The new law establishes a state insurance fund built up by the contributions of employers based on
the salaries of their employees. The injured worker does not have to litigate his right to compensation.
No employer opposes his claim. There is no notice of injury nor requirement of controversion. The sick
worker simply files a claim with a new neutral Employees' Compensation Commission which then
determines on the basis of the employee's supporting papers and medical evidence whether or not
compensation may be paid. The payment of benefits is more prompt. The cost of administration is
low. The amount of death benefits has also been doubled.

On the other hand, the employer's duty is only to pay the regular monthly premiums to the scheme. It
does not look for insurance companies to meet sudden demands for compensation payments or set up
its own funds to meet these contingencies. It does not have to defend itself from spuriously
documented or long past claims.

The new law applies the social security principle in the handling of workmen's compensation. The
Commission administers and settles claims from a fund under its exclusive control. The employer does
not intervene in the compensation process and it has no control, as in the past, over payment of
benefits. The open ended Table of Occupational Diseases requires no proof of causation. A covered
claimant suffering from an occupational disease is automatically paid benefits.

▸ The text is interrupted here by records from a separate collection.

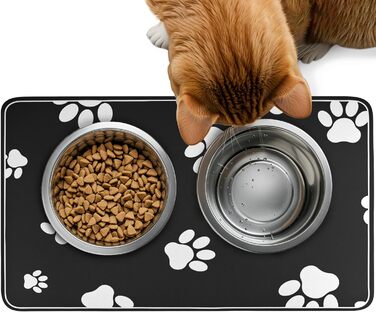 Килимок для годування собак та котів QWORK® 30x50 см, водопоглинаючий, сірий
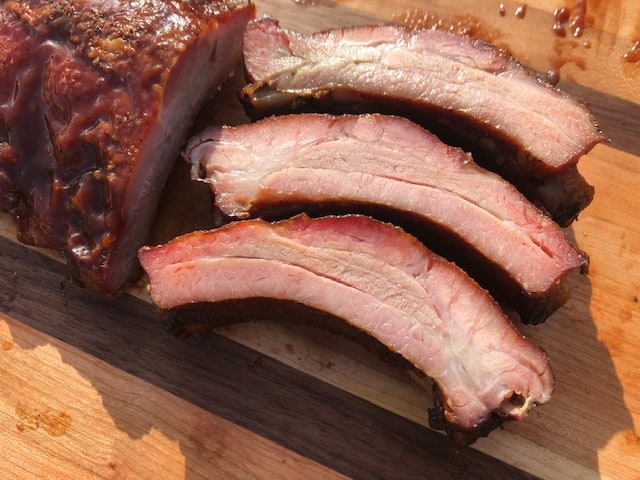 Ribs Cooked On Pellet Smoker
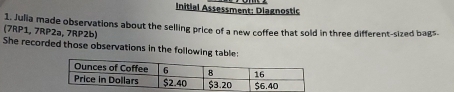 Initial Assessment; Diagnostic 
1. Julia made observations about the selling price of a new coffee that sold in three different-sized bags. 
(7RP1, 7RP2ə, 7RP2b) 
She recorded those observations in the following table:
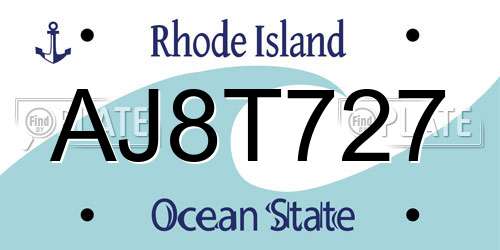 AJ8T727 Rhode Island License Plate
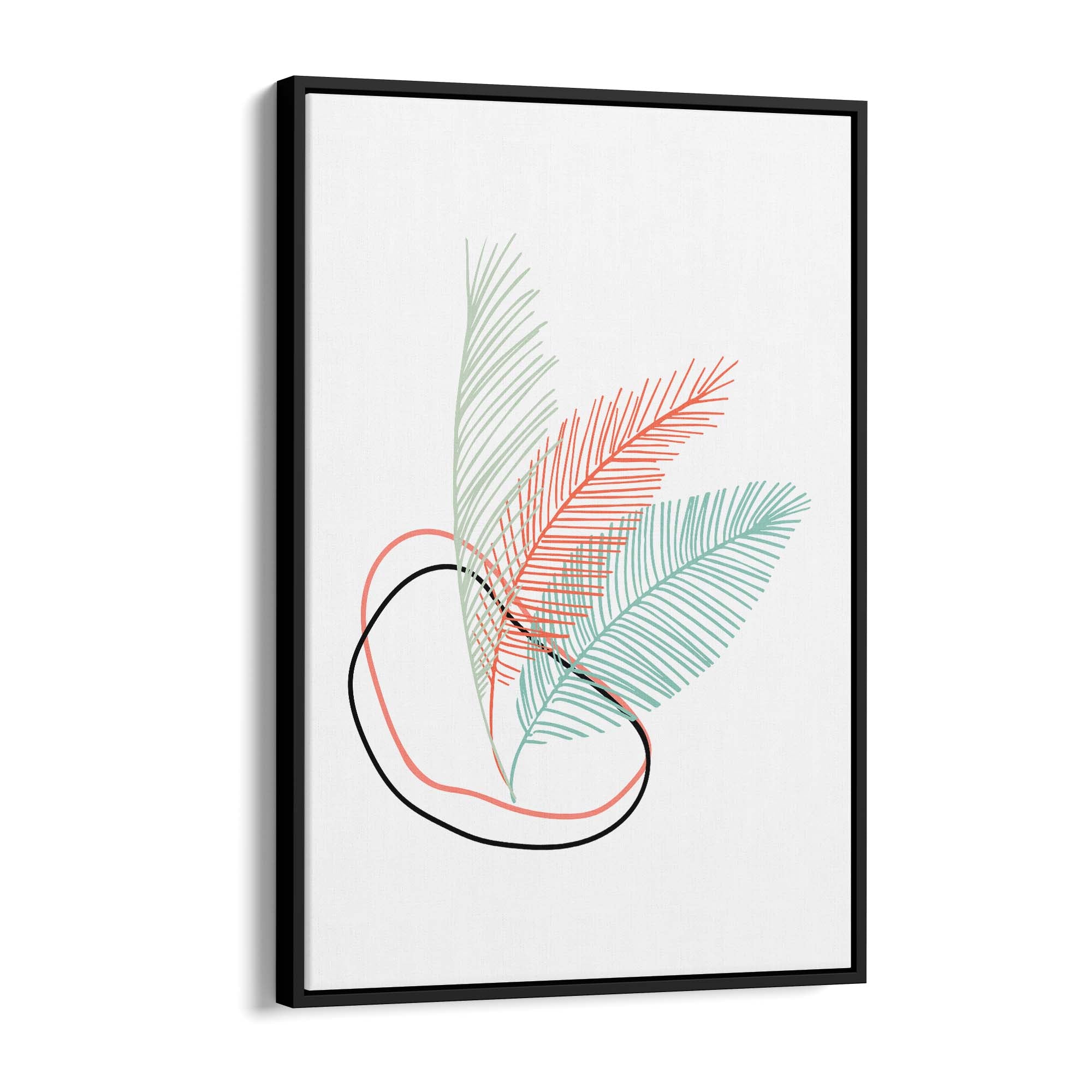 Minimal Feather Neon Abstract Design Wall Art #1 - The Affordable Art Company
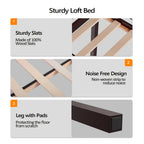 Bonnlo Twin\u002FFull Low Loft Bed with Inclined Stairs - Solid Wood & MDF Bunk Bed Frame, High Guard Rail, No Box Spring Needed, Space-Saving Bed for,,, Small Rooms (No Assembly Required)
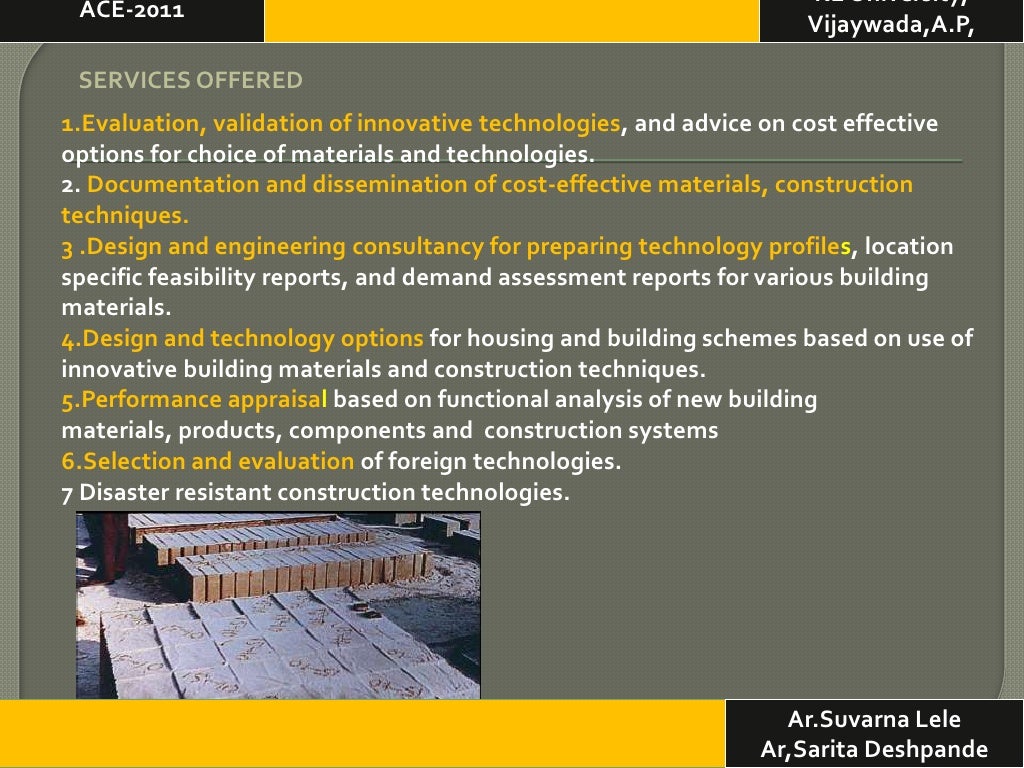 Cost Effective and Alternate construction techniques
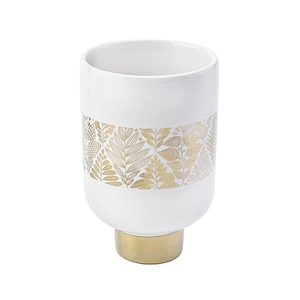 10oz Wholesales white stand unique ceramic candle vessels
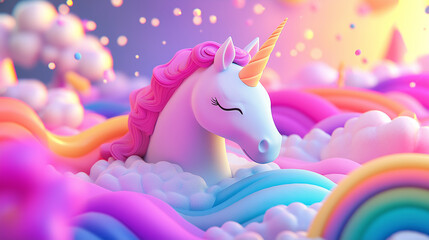 Obraz premium A 3D unicorn head resting on a flat 2D rainbow-filled fantasy scene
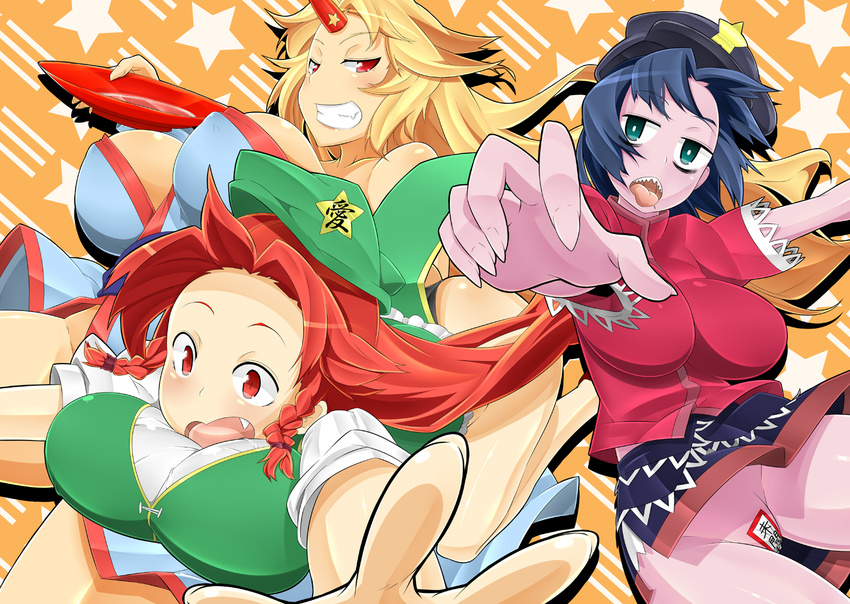 beret blonde_hair blue_hair breasts cleavage cup fang green_eyes grin hat hong_meiling horn hoshiguma_yuugi huge_breasts large_breasts long_hair maebari miyako_yoshika multiple_girls no_panties ofuda open_mouth outstretched_arms red_eyes red_hair sakazuki sharp_teeth short_hair smile stage_connection star teeth tongue tongue_out toudori touhou zombie_pose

Since there is no employer opposing or fighting a claim for compensation, the rules on presumption of
compensability and controversion cease to have importance. The lopsided situation of an employer
versus one employee, which called for equalization through the various rules and concepts favoring
the claimant, is now absent.

The Employees Compensation and State Insurance Fund was established after actuarial studies and on
the basis of the provisions of the new law. I commiserate with the claimant but compassion should be
for all beneficiaries and not specific claimants. If we endanger the stability and liquidity of the Fund
through orders compelling payment of benefits where the law never intended such benefits to be paid,
we are not compassionate. We endanger the scheme.

WHEREFORE, we hold that the decision appealed from should be, as it is, hereby AFFIRMED.